DATA SUPPLIED ▸
----

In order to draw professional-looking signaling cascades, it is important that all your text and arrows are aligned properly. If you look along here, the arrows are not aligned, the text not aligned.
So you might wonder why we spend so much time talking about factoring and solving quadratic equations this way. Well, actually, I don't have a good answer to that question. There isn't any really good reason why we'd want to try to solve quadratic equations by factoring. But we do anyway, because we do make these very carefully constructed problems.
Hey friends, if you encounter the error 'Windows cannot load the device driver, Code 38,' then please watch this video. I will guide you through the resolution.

----

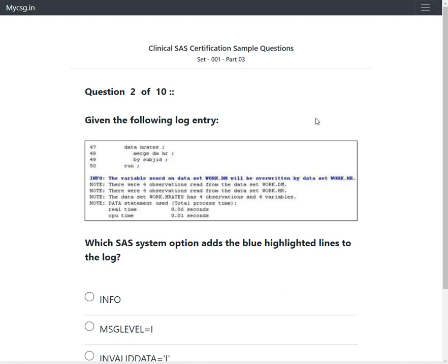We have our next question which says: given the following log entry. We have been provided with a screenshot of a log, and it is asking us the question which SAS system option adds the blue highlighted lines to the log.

----

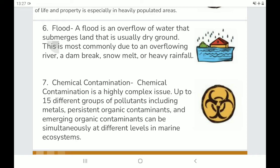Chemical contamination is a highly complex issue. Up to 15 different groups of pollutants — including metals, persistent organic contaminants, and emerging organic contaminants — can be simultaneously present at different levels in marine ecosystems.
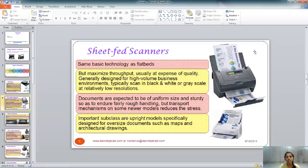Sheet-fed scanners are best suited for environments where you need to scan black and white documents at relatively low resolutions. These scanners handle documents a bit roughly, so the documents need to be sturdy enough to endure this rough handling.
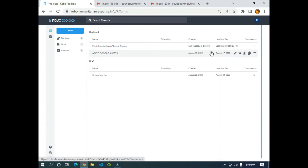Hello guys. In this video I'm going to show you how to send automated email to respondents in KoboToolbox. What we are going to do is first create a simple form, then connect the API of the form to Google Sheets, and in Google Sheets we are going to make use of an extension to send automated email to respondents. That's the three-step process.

----

Copy out the range of lines above starting at the line with "So you might" and ending at the line with "Hey friends, if", exactly and including both.

So you might wonder why we spend so much time talking about factoring and solving quadratic equations this way. Well, actually, I don't have a good answer to that question. There isn't any really good reason why we'd want to try to solve quadratic equations by factoring. But we do anyway, because we do make these very carefully constructed problems.
Hey friends, if you encounter the error 'Windows cannot load the device driver, Code 38,' then please watch this video. I will guide you through the resolution.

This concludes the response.